> [What the exercise asks]: Every line of the material must be written out again unchanged.
□ □ □ □ □
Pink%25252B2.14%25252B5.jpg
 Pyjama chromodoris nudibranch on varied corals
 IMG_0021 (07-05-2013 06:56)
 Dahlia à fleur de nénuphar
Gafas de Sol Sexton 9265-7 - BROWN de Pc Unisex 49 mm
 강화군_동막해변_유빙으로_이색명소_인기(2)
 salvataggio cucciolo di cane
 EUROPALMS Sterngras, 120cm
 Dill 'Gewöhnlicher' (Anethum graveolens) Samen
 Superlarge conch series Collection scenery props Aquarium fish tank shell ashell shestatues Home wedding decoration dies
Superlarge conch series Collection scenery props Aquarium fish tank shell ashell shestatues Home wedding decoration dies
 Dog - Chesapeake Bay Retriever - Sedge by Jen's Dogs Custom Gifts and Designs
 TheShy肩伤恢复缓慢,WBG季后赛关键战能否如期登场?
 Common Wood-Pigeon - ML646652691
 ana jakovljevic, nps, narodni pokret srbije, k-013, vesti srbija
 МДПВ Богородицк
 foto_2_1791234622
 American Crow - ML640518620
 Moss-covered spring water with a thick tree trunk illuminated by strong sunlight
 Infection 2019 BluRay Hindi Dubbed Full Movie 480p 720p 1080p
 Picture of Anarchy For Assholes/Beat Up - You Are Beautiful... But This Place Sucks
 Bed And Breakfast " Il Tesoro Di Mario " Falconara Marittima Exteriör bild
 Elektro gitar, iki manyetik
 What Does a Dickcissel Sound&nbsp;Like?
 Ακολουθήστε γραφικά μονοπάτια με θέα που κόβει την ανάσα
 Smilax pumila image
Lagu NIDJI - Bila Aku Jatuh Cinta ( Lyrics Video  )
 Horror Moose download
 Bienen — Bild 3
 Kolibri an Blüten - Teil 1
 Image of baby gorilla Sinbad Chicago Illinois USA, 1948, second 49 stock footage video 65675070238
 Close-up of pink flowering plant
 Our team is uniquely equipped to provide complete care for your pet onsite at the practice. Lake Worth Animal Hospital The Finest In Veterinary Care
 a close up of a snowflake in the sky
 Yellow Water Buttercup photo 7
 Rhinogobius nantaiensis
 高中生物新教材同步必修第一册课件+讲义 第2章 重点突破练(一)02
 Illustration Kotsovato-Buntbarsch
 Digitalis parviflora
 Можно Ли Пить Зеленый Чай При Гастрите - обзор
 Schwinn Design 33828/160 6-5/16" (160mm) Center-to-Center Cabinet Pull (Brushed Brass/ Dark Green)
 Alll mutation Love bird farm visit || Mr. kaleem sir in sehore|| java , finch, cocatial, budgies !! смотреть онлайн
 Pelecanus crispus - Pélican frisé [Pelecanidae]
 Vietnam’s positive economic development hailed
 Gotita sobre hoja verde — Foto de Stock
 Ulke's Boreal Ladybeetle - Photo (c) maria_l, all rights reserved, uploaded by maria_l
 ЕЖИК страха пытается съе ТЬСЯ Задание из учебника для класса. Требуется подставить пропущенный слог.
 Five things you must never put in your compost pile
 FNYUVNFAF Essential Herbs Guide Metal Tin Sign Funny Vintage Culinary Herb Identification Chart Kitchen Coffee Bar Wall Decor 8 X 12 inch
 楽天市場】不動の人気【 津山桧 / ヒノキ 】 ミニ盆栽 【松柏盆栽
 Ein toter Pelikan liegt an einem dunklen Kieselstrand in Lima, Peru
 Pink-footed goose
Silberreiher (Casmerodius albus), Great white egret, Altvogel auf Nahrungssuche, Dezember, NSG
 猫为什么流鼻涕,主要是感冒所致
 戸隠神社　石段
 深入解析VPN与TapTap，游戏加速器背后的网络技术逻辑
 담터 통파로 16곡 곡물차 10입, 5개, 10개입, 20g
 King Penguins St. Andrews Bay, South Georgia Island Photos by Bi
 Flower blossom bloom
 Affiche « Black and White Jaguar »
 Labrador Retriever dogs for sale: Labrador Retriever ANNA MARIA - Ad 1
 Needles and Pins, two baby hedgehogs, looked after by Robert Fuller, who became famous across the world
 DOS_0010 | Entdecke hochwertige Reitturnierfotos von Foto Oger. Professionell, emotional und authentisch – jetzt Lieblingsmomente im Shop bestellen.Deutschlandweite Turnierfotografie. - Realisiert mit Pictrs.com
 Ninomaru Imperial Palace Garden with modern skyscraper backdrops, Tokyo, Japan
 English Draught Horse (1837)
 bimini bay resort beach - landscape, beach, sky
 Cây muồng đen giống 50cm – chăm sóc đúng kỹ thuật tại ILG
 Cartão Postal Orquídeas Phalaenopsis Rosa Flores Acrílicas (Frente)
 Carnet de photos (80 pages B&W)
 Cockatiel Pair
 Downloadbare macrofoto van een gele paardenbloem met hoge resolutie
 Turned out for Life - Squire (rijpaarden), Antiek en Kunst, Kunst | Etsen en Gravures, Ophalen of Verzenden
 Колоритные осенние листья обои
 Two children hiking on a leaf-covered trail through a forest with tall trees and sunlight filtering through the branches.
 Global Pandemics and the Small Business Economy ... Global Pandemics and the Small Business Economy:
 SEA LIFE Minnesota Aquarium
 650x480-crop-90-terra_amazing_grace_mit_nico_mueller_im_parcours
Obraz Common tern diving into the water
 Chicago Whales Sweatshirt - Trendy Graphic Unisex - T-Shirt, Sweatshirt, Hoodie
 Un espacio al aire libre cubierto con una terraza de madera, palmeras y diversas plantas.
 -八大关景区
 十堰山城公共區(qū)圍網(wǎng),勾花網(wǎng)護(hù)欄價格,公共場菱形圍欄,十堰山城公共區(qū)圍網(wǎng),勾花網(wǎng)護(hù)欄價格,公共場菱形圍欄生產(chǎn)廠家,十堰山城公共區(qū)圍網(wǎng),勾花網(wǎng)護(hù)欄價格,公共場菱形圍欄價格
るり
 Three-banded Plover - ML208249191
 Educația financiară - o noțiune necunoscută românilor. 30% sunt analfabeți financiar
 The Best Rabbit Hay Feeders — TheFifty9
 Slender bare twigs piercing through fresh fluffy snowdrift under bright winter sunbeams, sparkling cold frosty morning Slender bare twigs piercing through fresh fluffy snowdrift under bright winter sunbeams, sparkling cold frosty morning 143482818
□ □ □ □ □
> [Response to this task]:
Pink%25252B2.14%25252B5.jpg
 Pyjama chromodoris nudibranch on varied corals
 IMG_0021 (07-05-2013 06:56)
 Dahlia à fleur de nénuphar
Gafas de Sol Sexton 9265-7 - BROWN de Pc Unisex 49 mm
 강화군_동막해변_유빙으로_이색명소_인기(2)
 salvataggio cucciolo di cane
 EUROPALMS Sterngras, 120cm
 Dill 'Gewöhnlicher' (Anethum graveolens) Samen
 Superlarge conch series Collection scenery props Aquarium fish tank shell ashell shestatues Home wedding decoration dies
Superlarge conch series Collection scenery props Aquarium fish tank shell ashell shestatues Home wedding decoration dies
 Dog - Chesapeake Bay Retriever - Sedge by Jen's Dogs Custom Gifts and Designs
 TheShy肩伤恢复缓慢,WBG季后赛关键战能否如期登场?
 Common Wood-Pigeon - ML646652691
 ana jakovljevic, nps, narodni pokret srbije, k-013, vesti srbija
 МДПВ Богородицк
 foto_2_1791234622
 American Crow - ML640518620
 Moss-covered spring water with a thick tree trunk illuminated by strong sunlight
 Infection 2019 BluRay Hindi Dubbed Full Movie 480p 720p 1080p
 Picture of Anarchy For Assholes/Beat Up - You Are Beautiful... But This Place Sucks
 Bed And Breakfast " Il Tesoro Di Mario " Falconara Marittima Exteriör bild
 Elektro gitar, iki manyetik
 What Does a Dickcissel Sound&nbsp;Like?
 Ακολουθήστε γραφικά μονοπάτια με θέα που κόβει την ανάσα
 Smilax pumila image
Lagu NIDJI - Bila Aku Jatuh Cinta ( Lyrics Video  )
 Horror Moose download
 Bienen — Bild 3
 Kolibri an Blüten - Teil 1
 Image of baby gorilla Sinbad Chicago Illinois USA, 1948, second 49 stock footage video 65675070238
 Close-up of pink flowering plant
 Our team is uniquely equipped to provide complete care for your pet onsite at the practice. Lake Worth Animal Hospital The Finest In Veterinary Care
 a close up of a snowflake in the sky
 Yellow Water Buttercup photo 7
 Rhinogobius nantaiensis
 高中生物新教材同步必修第一册课件+讲义 第2章 重点突破练(一)02
 Illustration Kotsovato-Buntbarsch
 Digitalis parviflora
 Можно Ли Пить Зеленый Чай При Гастрите - обзор
 Schwinn Design 33828/160 6-5/16" (160mm) Center-to-Center Cabinet Pull (Brushed Brass/ Dark Green)
 Alll mutation Love bird farm visit || Mr. kaleem sir in sehore|| java , finch, cocatial, budgies !! смотреть онлайн
 Pelecanus crispus - Pélican frisé [Pelecanidae]
 Vietnam’s positive economic development hailed
 Gotita sobre hoja verde — Foto de Stock
 Ulke's Boreal Ladybeetle - Photo (c) maria_l, all rights reserved, uploaded by maria_l
 ЕЖИК страха пытается съе ТЬСЯ Задание из учебника для класса. Требуется подставить пропущенный слог.
 Five things you must never put in your compost pile
 FNYUVNFAF Essential Herbs Guide Metal Tin Sign Funny Vintage Culinary Herb Identification Chart Kitchen Coffee Bar Wall Decor 8 X 12 inch
 楽天市場】不動の人気【 津山桧 / ヒノキ 】 ミニ盆栽 【松柏盆栽
 Ein toter Pelikan liegt an einem dunklen Kieselstrand in Lima, Peru
 Pink-footed goose
Silberreiher (Casmerodius albus), Great white egret, Altvogel auf Nahrungssuche, Dezember, NSG
 猫为什么流鼻涕,主要是感冒所致
 戸隠神社　石段
 深入解析VPN与TapTap，游戏加速器背后的网络技术逻辑
 담터 통파로 16곡 곡물차 10입, 5개, 10개입, 20g
 King Penguins St. Andrews Bay, South Georgia Island Photos by Bi
 Flower blossom bloom
 Affiche « Black and White Jaguar »
 Labrador Retriever dogs for sale: Labrador Retriever ANNA MARIA - Ad 1
 Needles and Pins, two baby hedgehogs, looked after by Robert Fuller, who became famous across the world
 DOS_0010 | Entdecke hochwertige Reitturnierfotos von Foto Oger. Professionell, emotional und authentisch – jetzt Lieblingsmomente im Shop bestellen.Deutschlandweite Turnierfotografie. - Realisiert mit Pictrs.com
 Ninomaru Imperial Palace Garden with modern skyscraper backdrops, Tokyo, Japan
 English Draught Horse (1837)
 bimini bay resort beach - landscape, beach, sky
 Cây muồng đen giống 50cm – chăm sóc đúng kỹ thuật tại ILG
 Cartão Postal Orquídeas Phalaenopsis Rosa Flores Acrílicas (Frente)
 Carnet de photos (80 pages B&W)
 Cockatiel Pair
 Downloadbare macrofoto van een gele paardenbloem met hoge resolutie
 Turned out for Life - Squire (rijpaarden), Antiek en Kunst, Kunst | Etsen en Gravures, Ophalen of Verzenden
 Колоритные осенние листья обои
 Two children hiking on a leaf-covered trail through a forest with tall trees and sunlight filtering through the branches.
 Global Pandemics and the Small Business Economy ... Global Pandemics and the Small Business Economy:
 SEA LIFE Minnesota Aquarium
 650x480-crop-90-terra_amazing_grace_mit_nico_mueller_im_parcours
Obraz Common tern diving into the water
 Chicago Whales Sweatshirt - Trendy Graphic Unisex - T-Shirt, Sweatshirt, Hoodie
 Un espacio al aire libre cubierto con una terraza de madera, palmeras y diversas plantas.
 -八大关景区
 十堰山城公共區(qū)圍網(wǎng),勾花網(wǎng)護(hù)欄價格,公共場菱形圍欄,十堰山城公共區(qū)圍網(wǎng),勾花網(wǎng)護(hù)欄價格,公共場菱形圍欄生產(chǎn)廠家,十堰山城公共區(qū)圍網(wǎng),勾花網(wǎng)護(hù)欄價格,公共場菱形圍欄價格
るり
 Three-banded Plover - ML208249191
 Educația financiară - o noțiune necunoscută românilor. 30% sunt analfabeți financiar
 The Best Rabbit Hay Feeders — TheFifty9
 Slender bare twigs piercing through fresh fluffy snowdrift under bright winter sunbeams, sparkling cold frosty morning Slender bare twigs piercing through fresh fluffy snowdrift under bright winter sunbeams, sparkling cold frosty morning 143482818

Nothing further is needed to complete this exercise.